Nouveauté. Dix ans après le déjà double et déjà acoustique/ électrique “Heads Or Tails”, ce bugliste raffiné persiste et signe : il a deux amours, et ils sont inséparables ! Et de toute façon, nous rappelait-il récemment, « il s’agit de la même expression, ma façon de jouer ne change pas, et c’est pareil quand je joue du hip-hop ou de la soul ». À la tête d’un quintette acoustique ou d’un groupe électrique, Alex Tassel reste effectivement égal à lui-même, soliste au son délectable et au phrasé frissonnant d’invention, compositeur profondément attaché à la mélodie (Elot en est une aux atours de classique instantané, tout comme Greyboy). Lors du même entretien, il ajoutait que « quelqu’un qui a priori n’aime pas le “jazz” – dans le sens traditionnel du terme – peut tout à fait apprécier un disque plus électrique à travers la production, le son et la mise en valeur différente des instruments. » Certes, mais quelqu’un qui aime le(s) jazz – dans tous les sens de ce terme si souvent remis en question – peut apprécier les deux facettes de votre art cher Monsieur Tassel, car elles sont effectivement inséparables, mais aussi, et surtout, complémentaires, et mettent en pleine lumière des accompagnateurs de grand talent, valeurs montantes (Christophe Panzani) ou jeunes vétérans confirmés (Jason Rebello, Julien Charlet, Reggie Washington, Manu Katché...). Chapeau bas. Frédéric Goaty “Past & Present ” : Alex Tassel (bu), Rick Margitza (ts), Jason Rebello (p), Viktor Nyberg (b), Julien Charlet (dm). Sarzeau, Peninsula Studio, janvier 2018. “A Quiet Place” : Alex Tassel (bu), Christophe Panzani (ts), Jason Rebello (cla), Reggie Washington (elb), Manu Katché (dm). Idem, mai 2018.

Andy Emler David Liebman Journey Around The Truth 1 CD Signature / Outhere

Nouveauté. En février 2018, Andy Emler avait donné rendezvous à David Liebman au pied du grand orgue de l’Auditorium de Radio France dont on lui avait remis les commandes le temps de quelques heures de répétition et d’enregistrement. Si “Pause”, le disque qu’Andy Emler enregistra en 2011 sur l’orgue Cavaillé Coll de l’Abbaye de Royaumont passa quelque peu inaperçu, ceux qui écoutent sa musique depuis le début des années 1980 s’y sont sentis chez eux, y reconnaissant une quintessence.
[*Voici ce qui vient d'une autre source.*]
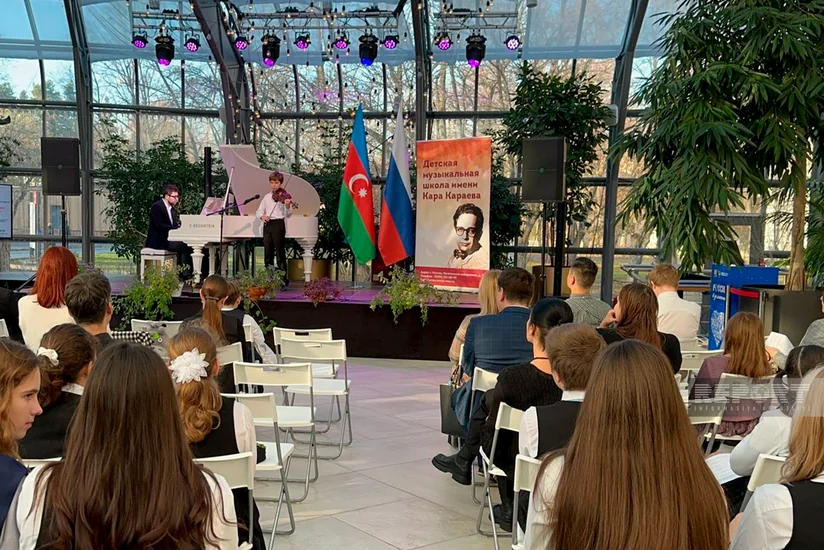 Moskvada Azərbaycanın Dövlət Bayrağı Gününə həsr olunmuş musiqi festivalı keçirilib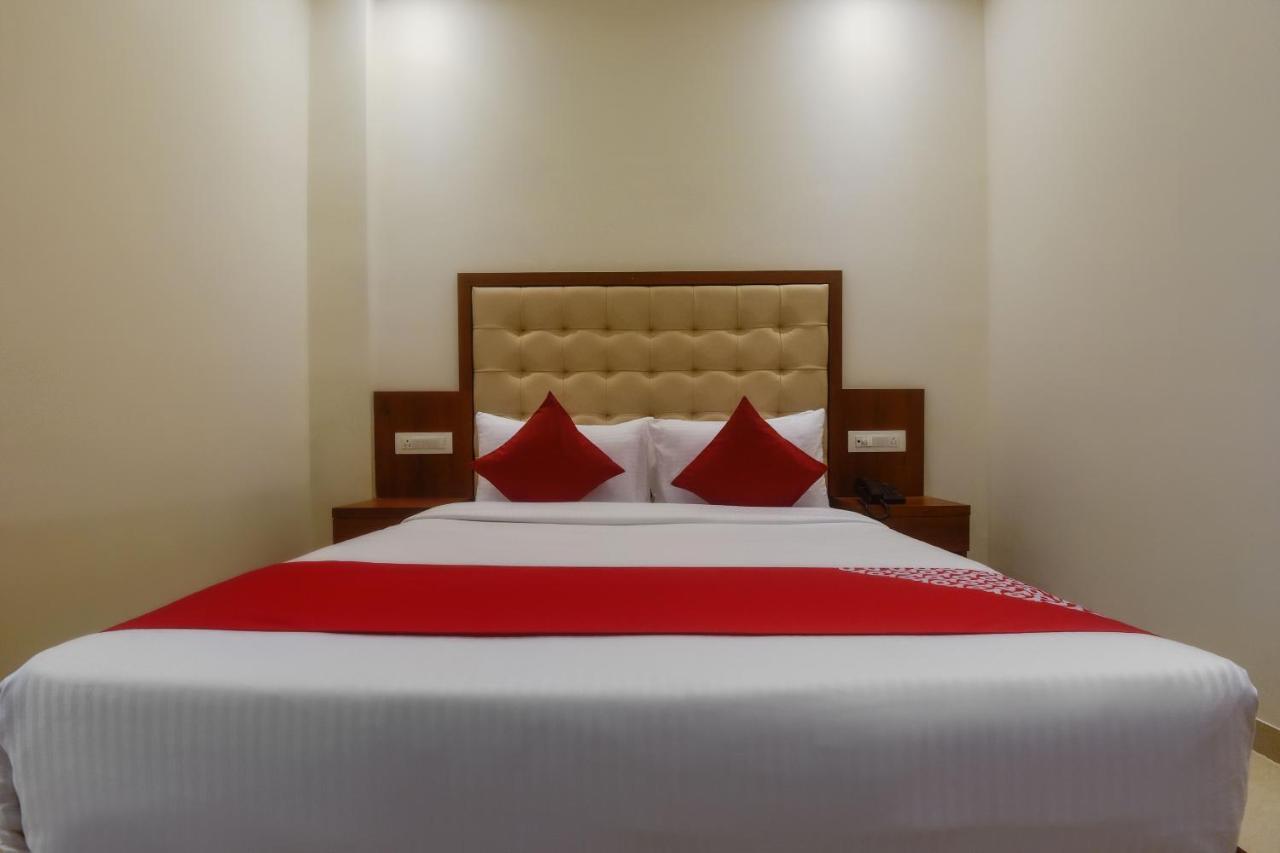 Oyo Shubham Residency Hotel Bhiwandi Buitenkant foto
C’est à l’appel de celle-ci qu’a voulu répondre David Liebman, amateur du travail d’Emler depuis presque autant d’années. Soit un travail d’alchimiste par lequel Emler a synthétisé un faisceau d’influences extraites de leurs contextes originaux, allant de la musique française du XXe siècle (Maurice Ravel pour lequel on sait son attachement, mais aussi le compositeur-organiste-improvisateur Maurice Duruflé auquel il emprunte ici quelques procédés), aux répétitifs américains (on pense à Rainbow In Curved Air de Terry Riley) en passant par de vieilles amours pour le progressive rock. On sait la ferveur avec laquelle Dave Liebman répond aux invitations qui lui sont adressées, or pour cet homme de défi, celle-ci revêtait une importance particulière. Des propositions de son hôte, il fait ainsi un lieu de dialogue qui les voit tous deux l’oreille et l’imagination aux aguets. Une œuvre grandiose comme la cathédrale de Coutances (où ils sont attendus le 1er juin) et légère comme la volatilité des jeux auxquels ils aiment la soumettre. Franck Bergerot David Liebman (ss, ts, flageolet), Andy Emler (orgue à tuyaux). Paris, Auditorium de Radio France, février 2019.